## Items from a dataset
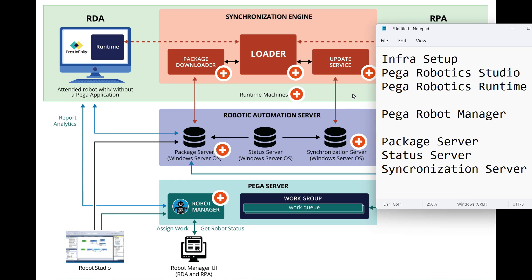In one of our last videos we learned about how you can install the Pega Robotic Studio and start developing your robotic solution, but is that enough to know for a developer? The simple answer is no.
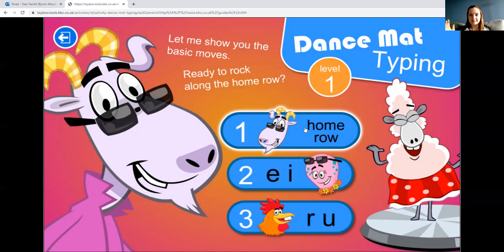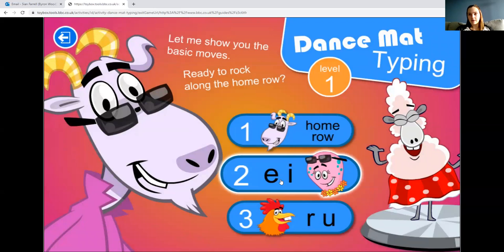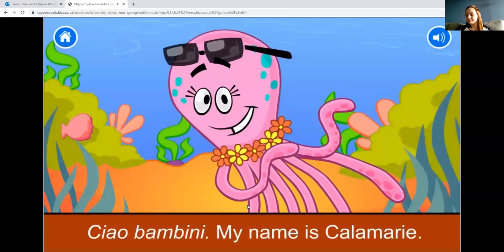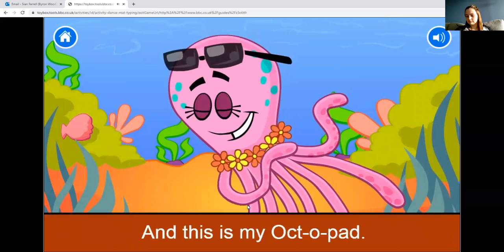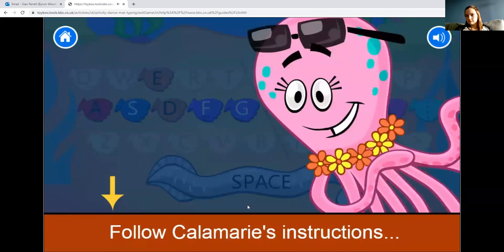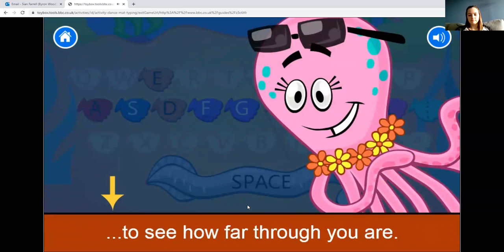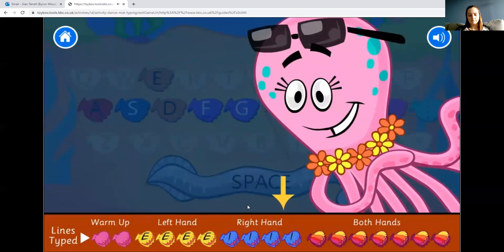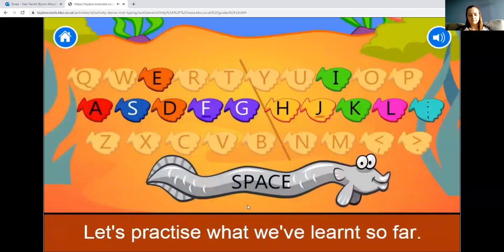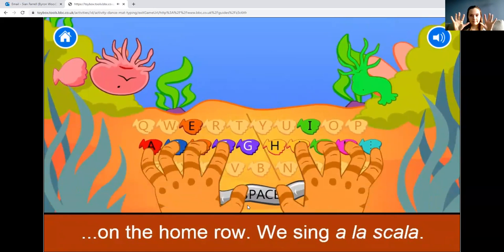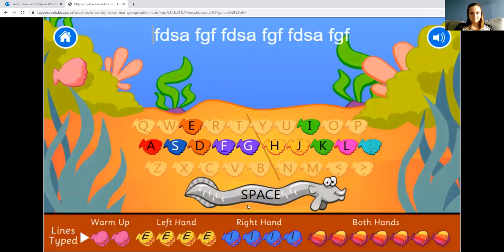Once you've worked all the way through the home row activity, click on the next one — E and I. It's another activity: 'Ciao bambini, my name is Cara Marie. Follow Cara Marie's instructions to learn the moves you'll need for typing. Look at the shells on the bottom bar to see how far through you are.' I had a little go — and I cheated! I couldn't help but look down.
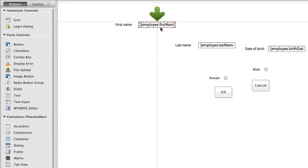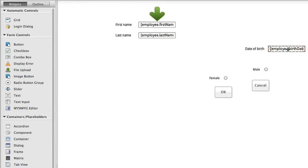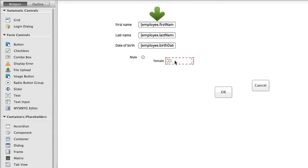You can also use widgets' own snap options. Centering a widget on an axis relative to others or aligning them to one edge is mere child's play thanks to the visual guides that indicate proper positioning.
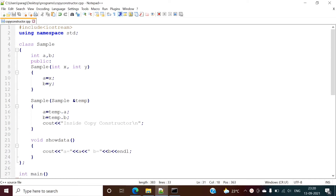Hello friends, welcome to my channel. In this video we will see copy constructor in C++ language. Basically in C++ there are three types of constructors: one is a default constructor, another is a parameterized constructor, and third is a copy constructor.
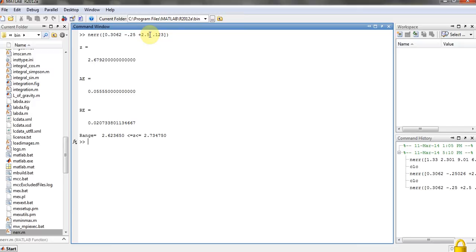Here is my absolute error, here is my relative error, and here is the range of the error.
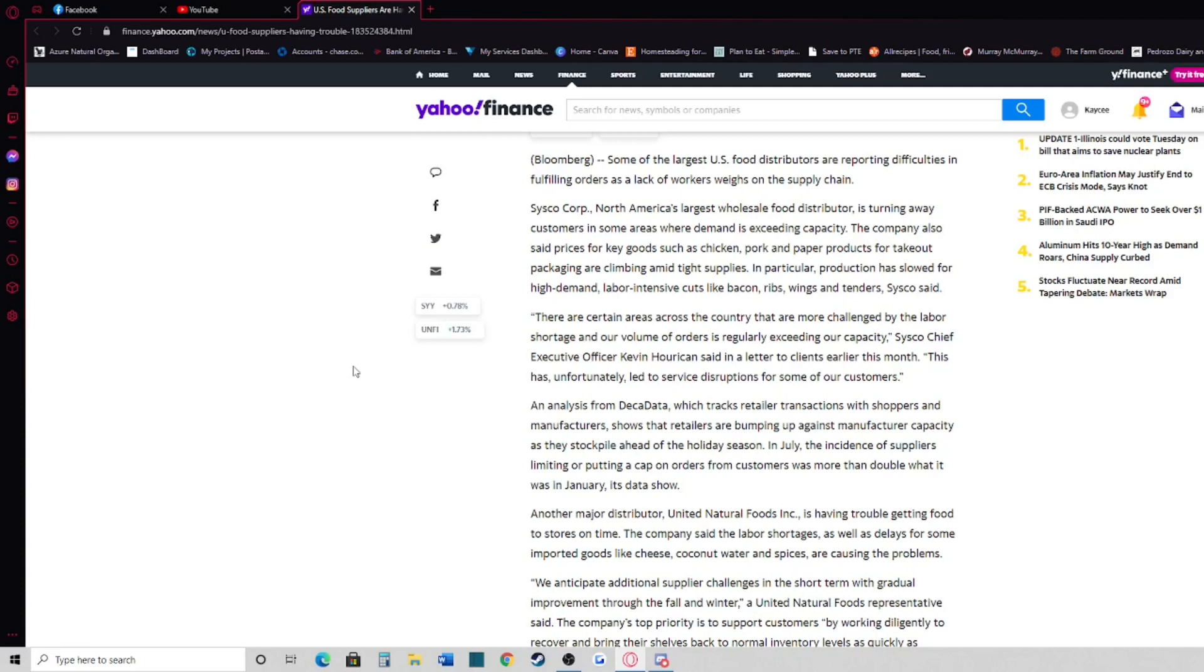An analysis from DECA data, which tracks retailer transactions with shoppers and manufacturers, shows that retailers are bumping up against manufacturer capacity as they stockpile ahead of the holiday season. In July, the incidence of suppliers limiting or putting a cap on orders from customers was more than double what it was in January, its data shows.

## Assignment
Without carrying over any picture, write out the entries above once more, exactly.

## Answer section
In one of our last videos we learned about how you can install the Pega Robotic Studio and start developing your robotic solution, but is that enough to know for a developer? The simple answer is no.
Once you've worked all the way through the home row activity, click on the next one — E and I. It's another activity: 'Ciao bambini, my name is Cara Marie. Follow Cara Marie's instructions to learn the moves you'll need for typing. Look at the shells on the bottom bar to see how far through you are.' I had a little go — and I cheated! I couldn't help but look down.
You can also use widgets' own snap options. Centering a widget on an axis relative to others or aligning them to one edge is mere child's play thanks to the visual guides that indicate proper positioning.
Hello friends, welcome to my channel. In this video we will see copy constructor in C++ language. Basically in C++ there are three types of constructors: one is a default constructor, another is a parameterized constructor, and third is a copy constructor.
Here is my absolute error, here is my relative error, and here is the range of the error.
An analysis from DECA data, which tracks retailer transactions with shoppers and manufacturers, shows that retailers are bumping up against manufacturer capacity as they stockpile ahead of the holiday season. In July, the incidence of suppliers limiting or putting a cap on orders from customers was more than double what it was in January, its data shows.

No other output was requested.